(Captioned web image data)
Start of Block

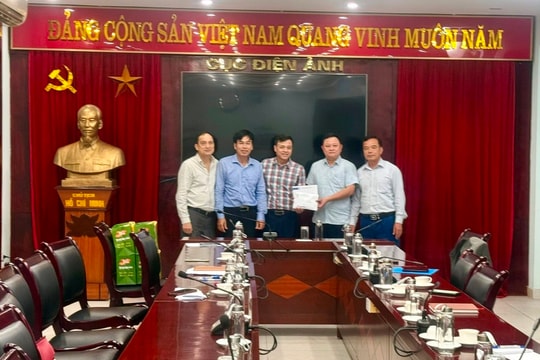 Hội Nghệ sĩ Nhiếp ảnh Việt Nam bàn giao kinh phí hỗ trợ tôn tạo Di tích ngành Điện ảnh và Nhiếp ảnh Cách mạng Việt Nam
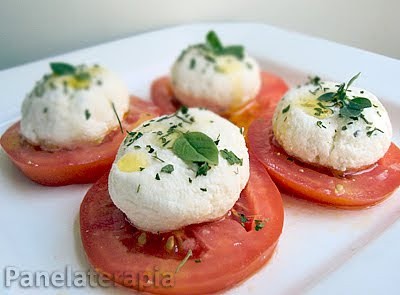 Almost a Caprese – Panelaterapia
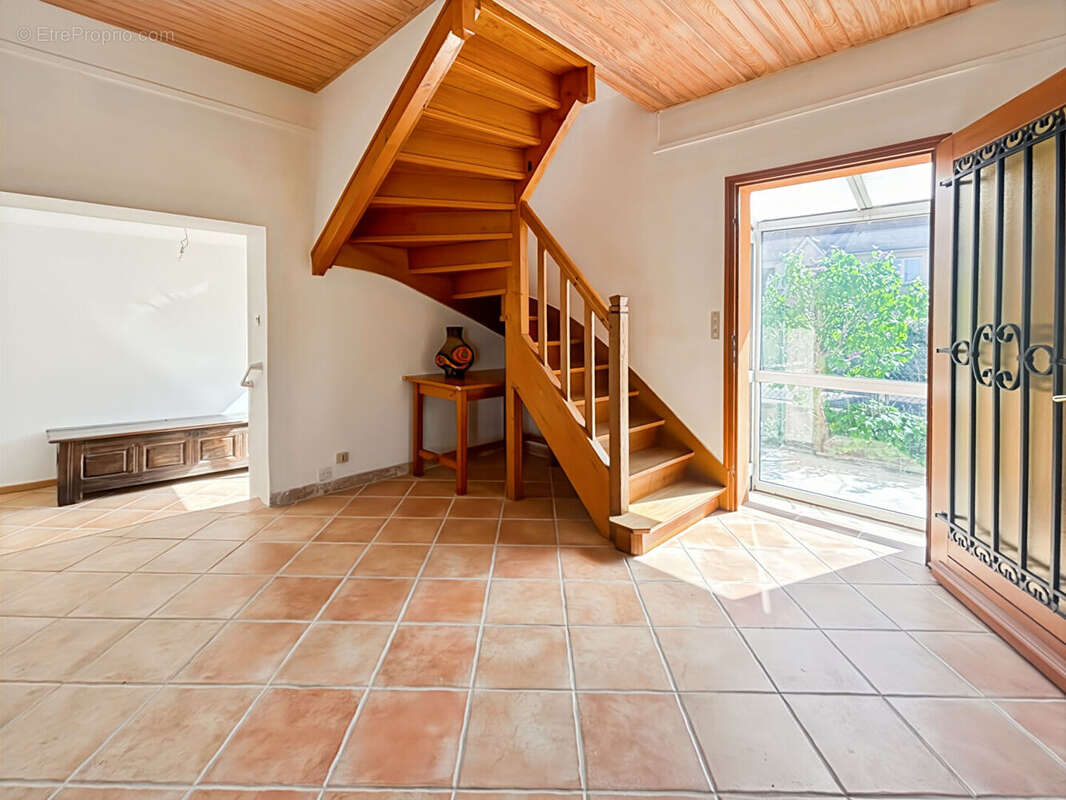 Maison à VERRIERES-LE-BUISSON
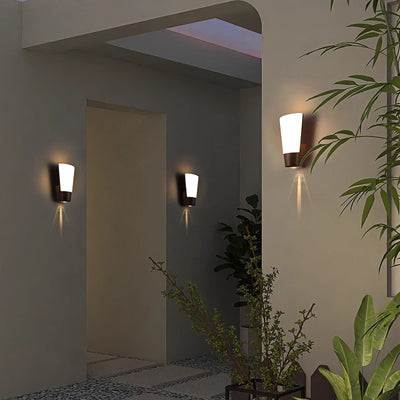 مصباح حائط خارجي مقاوم للماء بتصميم بسيط حديث مع LED منحني وحبيبات خشبية تقليدية ABS للحديقة 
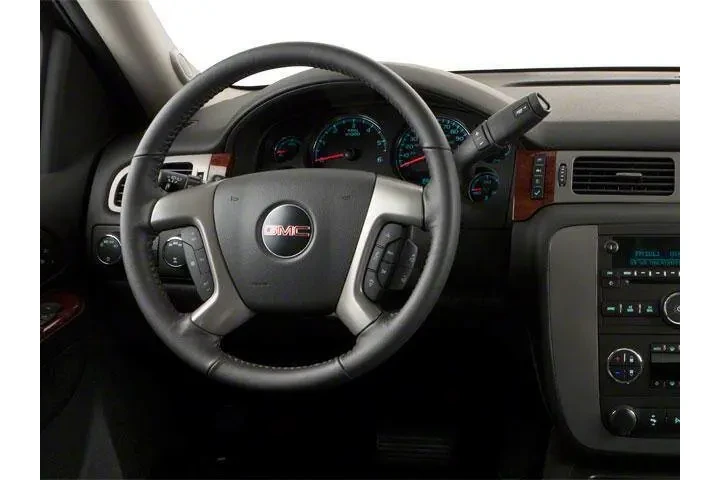 2012 GMC Yukon XL SLT image 7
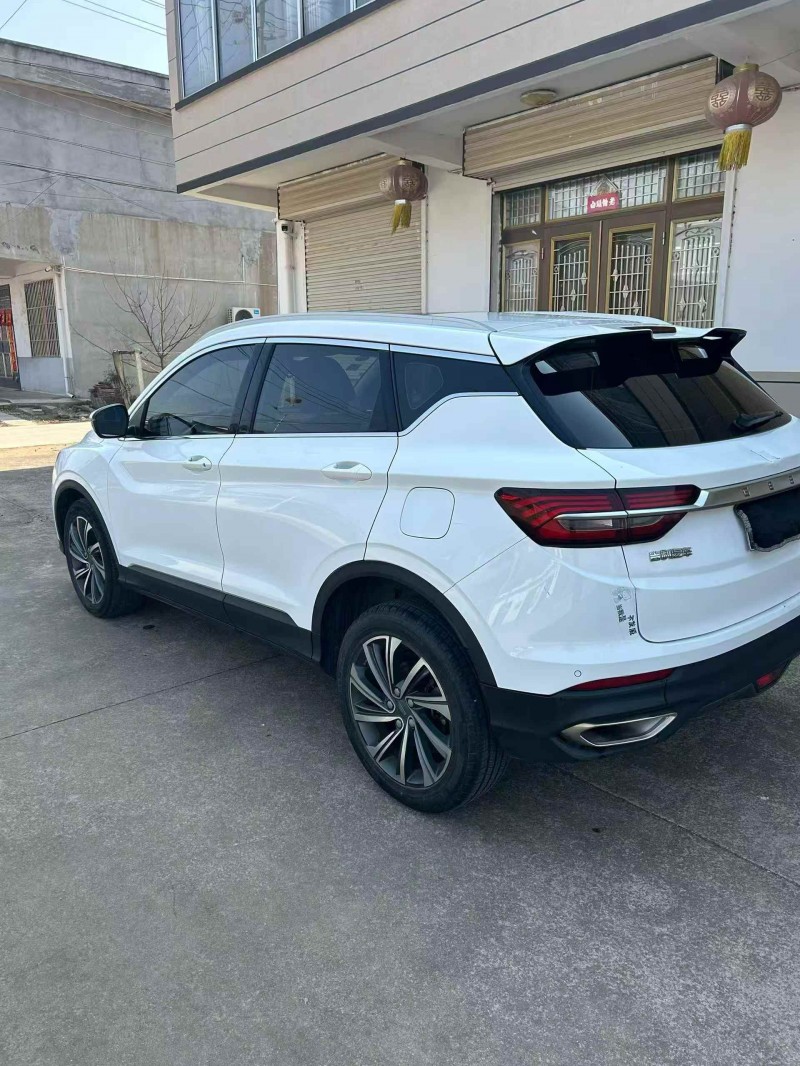 徐州20年吉利缤越7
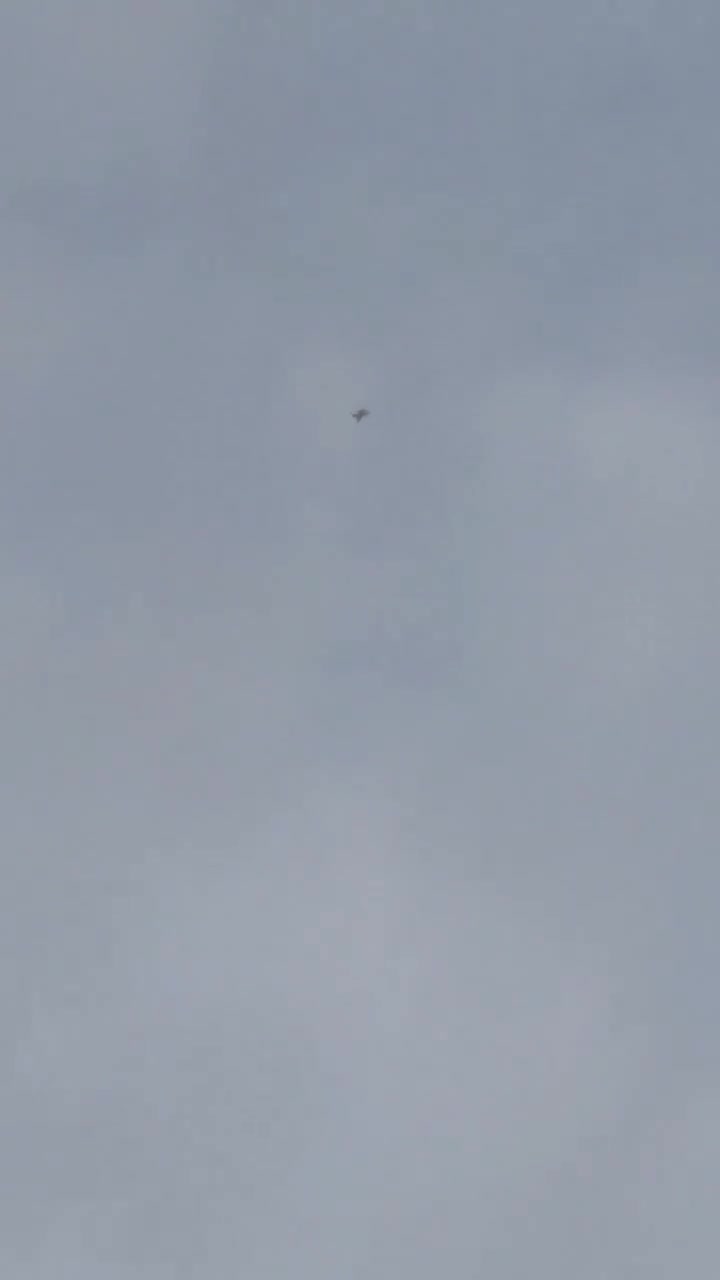 Israeli warplanes are flying at low altitude over Ashrafieh Sahnaya, and anti-aircraft missiles are trying to intercept them.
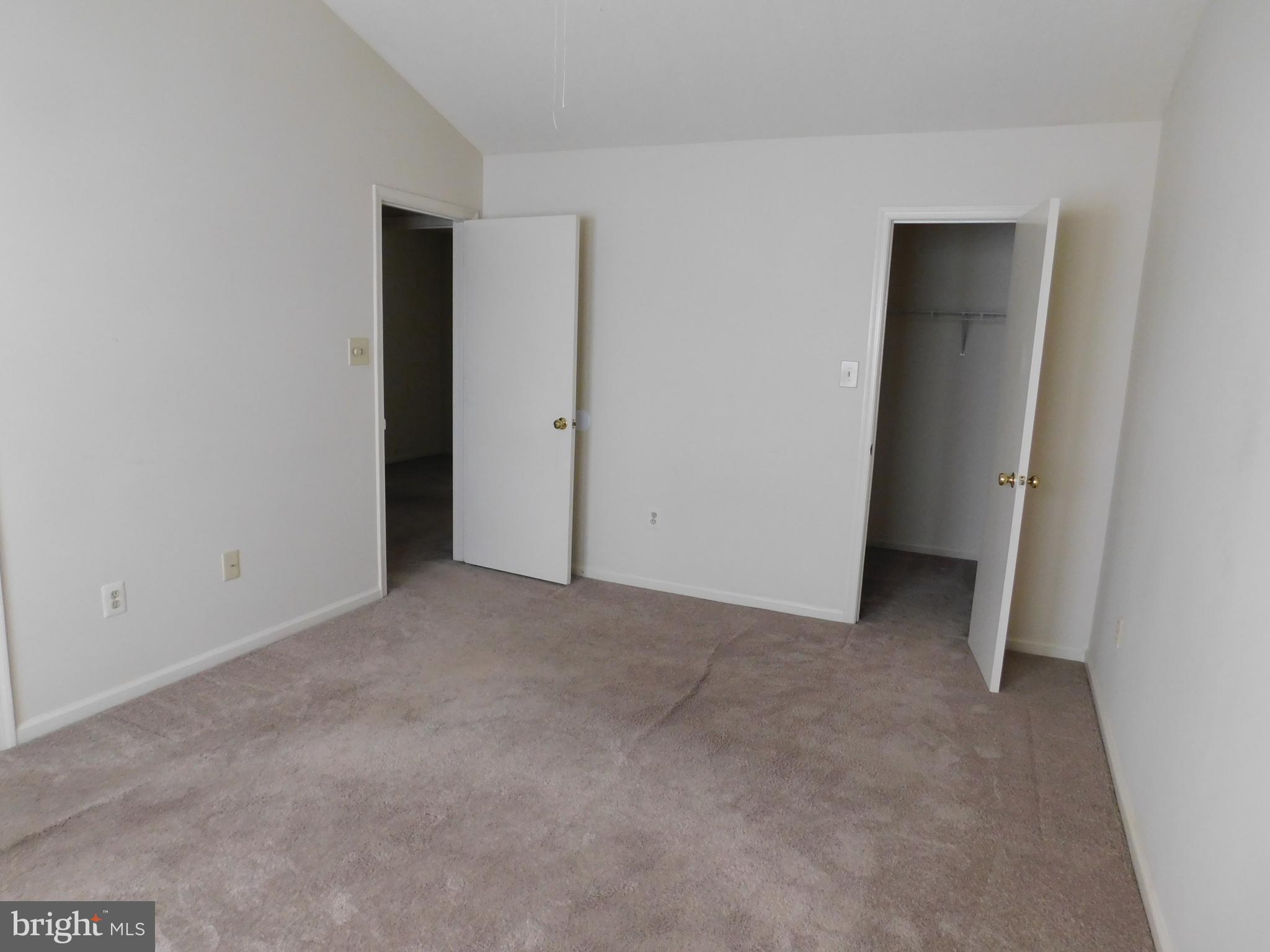 VILLAGES OF SALEM STATION - Residential Lease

End of Block

Try it:
An answer containing only the lines from the one holding "2012 GMC Yukon XL SLT image 7" through the close of the entries above, reproduced exactly and stripped of pictures, is expected.

Answer box:
 2012 GMC Yukon XL SLT image 7
 徐州20年吉利缤越7
 Israeli warplanes are flying at low altitude over Ashrafieh Sahnaya, and anti-aircraft missiles are trying to intercept them.
 VILLAGES OF SALEM STATION - Residential Lease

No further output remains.